======== The records ========

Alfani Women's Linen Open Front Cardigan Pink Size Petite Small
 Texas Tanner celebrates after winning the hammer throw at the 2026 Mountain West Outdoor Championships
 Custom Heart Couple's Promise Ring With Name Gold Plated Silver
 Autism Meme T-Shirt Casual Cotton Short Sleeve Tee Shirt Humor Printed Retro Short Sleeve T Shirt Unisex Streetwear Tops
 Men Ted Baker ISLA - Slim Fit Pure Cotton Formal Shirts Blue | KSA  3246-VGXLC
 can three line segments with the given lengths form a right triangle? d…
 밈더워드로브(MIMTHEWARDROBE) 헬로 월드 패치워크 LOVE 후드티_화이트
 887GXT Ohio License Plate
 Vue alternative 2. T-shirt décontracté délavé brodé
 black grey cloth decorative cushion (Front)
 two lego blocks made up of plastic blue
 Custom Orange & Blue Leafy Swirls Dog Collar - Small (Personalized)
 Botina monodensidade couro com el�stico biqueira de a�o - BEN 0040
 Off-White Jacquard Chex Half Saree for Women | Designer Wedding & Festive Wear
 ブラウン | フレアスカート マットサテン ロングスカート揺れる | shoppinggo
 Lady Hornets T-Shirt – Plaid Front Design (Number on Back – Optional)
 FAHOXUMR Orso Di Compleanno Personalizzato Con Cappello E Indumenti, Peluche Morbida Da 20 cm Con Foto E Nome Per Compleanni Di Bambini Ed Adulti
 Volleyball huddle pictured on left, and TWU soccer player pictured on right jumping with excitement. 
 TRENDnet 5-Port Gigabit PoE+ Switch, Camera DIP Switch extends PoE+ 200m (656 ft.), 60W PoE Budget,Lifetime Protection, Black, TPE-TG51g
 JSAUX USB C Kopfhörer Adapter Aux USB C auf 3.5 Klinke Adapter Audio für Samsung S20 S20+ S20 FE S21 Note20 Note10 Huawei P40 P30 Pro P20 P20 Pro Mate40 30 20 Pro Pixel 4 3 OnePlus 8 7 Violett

========

Copy each line from the records above that includes the string "Front".

The answer:
Alfani Women's Linen Open Front Cardigan Pink Size Petite Small
 black grey cloth decorative cushion (Front)
 Lady Hornets T-Shirt – Plaid Front Design (Number on Back – Optional)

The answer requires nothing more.